### EXERCISE REQUIREMENTS
Write out again, exactly, the lines below starting at the one with "Chiaia 197 Deluxe 2* Naples" and ending at the one with "Country House In Spectacular Location.. - 2".

### RECORDED INFORMATION
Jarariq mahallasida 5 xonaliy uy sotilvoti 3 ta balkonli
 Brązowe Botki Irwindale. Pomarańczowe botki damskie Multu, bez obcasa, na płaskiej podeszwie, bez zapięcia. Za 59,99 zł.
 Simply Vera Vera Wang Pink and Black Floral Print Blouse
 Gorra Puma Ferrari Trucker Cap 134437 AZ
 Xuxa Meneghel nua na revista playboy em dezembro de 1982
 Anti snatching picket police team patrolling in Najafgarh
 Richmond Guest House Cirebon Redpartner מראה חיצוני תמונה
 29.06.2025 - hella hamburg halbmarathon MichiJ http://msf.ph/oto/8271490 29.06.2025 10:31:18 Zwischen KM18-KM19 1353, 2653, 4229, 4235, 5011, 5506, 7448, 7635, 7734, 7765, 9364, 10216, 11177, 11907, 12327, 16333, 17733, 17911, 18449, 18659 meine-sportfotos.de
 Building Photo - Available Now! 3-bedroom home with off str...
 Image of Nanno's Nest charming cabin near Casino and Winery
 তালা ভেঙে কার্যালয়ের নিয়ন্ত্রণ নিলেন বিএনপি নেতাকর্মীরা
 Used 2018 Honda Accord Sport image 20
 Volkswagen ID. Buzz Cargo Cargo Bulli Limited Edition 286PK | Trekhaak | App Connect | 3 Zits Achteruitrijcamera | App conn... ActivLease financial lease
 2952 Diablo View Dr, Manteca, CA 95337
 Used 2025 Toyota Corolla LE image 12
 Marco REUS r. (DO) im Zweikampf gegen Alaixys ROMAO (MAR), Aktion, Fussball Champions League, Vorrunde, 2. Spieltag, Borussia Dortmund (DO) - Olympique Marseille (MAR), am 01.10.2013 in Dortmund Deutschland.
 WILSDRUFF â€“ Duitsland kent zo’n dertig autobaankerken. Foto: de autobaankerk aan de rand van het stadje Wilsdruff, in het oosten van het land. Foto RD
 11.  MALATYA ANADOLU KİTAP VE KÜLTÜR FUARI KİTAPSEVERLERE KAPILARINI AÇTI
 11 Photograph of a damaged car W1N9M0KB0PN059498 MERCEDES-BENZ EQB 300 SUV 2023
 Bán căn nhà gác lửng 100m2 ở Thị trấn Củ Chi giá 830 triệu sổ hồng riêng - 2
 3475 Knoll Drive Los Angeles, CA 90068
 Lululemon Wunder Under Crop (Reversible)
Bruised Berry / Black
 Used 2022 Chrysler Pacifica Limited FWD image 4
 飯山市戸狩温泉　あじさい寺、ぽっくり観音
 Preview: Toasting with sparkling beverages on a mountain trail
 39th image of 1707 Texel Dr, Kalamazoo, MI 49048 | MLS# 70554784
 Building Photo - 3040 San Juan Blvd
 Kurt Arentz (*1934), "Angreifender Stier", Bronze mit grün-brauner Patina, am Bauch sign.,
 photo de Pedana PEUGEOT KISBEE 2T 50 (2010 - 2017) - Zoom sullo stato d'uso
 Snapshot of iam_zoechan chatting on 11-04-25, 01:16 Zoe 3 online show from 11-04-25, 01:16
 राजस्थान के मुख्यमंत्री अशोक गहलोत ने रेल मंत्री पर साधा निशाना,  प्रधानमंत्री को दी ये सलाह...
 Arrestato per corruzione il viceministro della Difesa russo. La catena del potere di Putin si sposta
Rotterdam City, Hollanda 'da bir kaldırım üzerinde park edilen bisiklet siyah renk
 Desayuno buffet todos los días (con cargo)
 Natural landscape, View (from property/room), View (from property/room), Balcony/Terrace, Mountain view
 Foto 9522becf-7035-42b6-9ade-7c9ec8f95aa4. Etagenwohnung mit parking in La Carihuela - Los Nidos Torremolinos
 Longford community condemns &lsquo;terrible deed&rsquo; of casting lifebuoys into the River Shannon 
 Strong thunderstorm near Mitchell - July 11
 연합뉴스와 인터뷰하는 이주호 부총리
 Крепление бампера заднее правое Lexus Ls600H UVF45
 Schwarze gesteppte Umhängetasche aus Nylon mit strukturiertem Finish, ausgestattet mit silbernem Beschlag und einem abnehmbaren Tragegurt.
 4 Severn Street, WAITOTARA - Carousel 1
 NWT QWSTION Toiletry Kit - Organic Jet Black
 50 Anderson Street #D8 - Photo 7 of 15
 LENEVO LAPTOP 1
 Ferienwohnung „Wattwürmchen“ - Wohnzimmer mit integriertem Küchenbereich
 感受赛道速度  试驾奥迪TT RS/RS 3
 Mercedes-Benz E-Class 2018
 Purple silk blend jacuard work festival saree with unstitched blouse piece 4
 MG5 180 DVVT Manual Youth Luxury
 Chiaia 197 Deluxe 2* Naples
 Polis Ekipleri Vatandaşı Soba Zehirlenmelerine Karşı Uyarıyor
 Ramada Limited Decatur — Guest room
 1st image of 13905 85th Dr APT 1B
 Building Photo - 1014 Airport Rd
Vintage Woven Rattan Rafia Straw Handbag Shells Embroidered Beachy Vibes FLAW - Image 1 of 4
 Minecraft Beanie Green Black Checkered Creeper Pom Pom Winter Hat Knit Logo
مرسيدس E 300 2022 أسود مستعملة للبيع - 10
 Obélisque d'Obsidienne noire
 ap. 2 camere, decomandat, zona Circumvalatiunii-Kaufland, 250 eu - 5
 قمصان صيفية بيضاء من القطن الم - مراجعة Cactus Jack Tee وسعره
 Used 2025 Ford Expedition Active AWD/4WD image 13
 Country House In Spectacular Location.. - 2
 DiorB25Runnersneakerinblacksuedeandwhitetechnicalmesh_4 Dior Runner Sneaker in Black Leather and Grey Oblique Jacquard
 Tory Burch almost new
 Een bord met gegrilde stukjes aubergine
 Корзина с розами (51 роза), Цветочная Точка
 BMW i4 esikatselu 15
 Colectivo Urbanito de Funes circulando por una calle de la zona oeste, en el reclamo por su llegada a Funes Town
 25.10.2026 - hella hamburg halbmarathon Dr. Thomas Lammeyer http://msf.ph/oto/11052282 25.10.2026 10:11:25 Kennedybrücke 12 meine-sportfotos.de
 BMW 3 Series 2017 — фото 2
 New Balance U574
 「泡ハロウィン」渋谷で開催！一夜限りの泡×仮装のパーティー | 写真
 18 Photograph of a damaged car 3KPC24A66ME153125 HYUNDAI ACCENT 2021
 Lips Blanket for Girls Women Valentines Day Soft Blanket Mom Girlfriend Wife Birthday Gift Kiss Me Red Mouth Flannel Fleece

### RESULT OF THE EXERCISE
 Chiaia 197 Deluxe 2* Naples
 Polis Ekipleri Vatandaşı Soba Zehirlenmelerine Karşı Uyarıyor
 Ramada Limited Decatur — Guest room
 1st image of 13905 85th Dr APT 1B
 Building Photo - 1014 Airport Rd
Vintage Woven Rattan Rafia Straw Handbag Shells Embroidered Beachy Vibes FLAW - Image 1 of 4
 Minecraft Beanie Green Black Checkered Creeper Pom Pom Winter Hat Knit Logo
مرسيدس E 300 2022 أسود مستعملة للبيع - 10
 Obélisque d'Obsidienne noire
 ap. 2 camere, decomandat, zona Circumvalatiunii-Kaufland, 250 eu - 5
 قمصان صيفية بيضاء من القطن الم - مراجعة Cactus Jack Tee وسعره
 Used 2025 Ford Expedition Active AWD/4WD image 13
 Country House In Spectacular Location.. - 2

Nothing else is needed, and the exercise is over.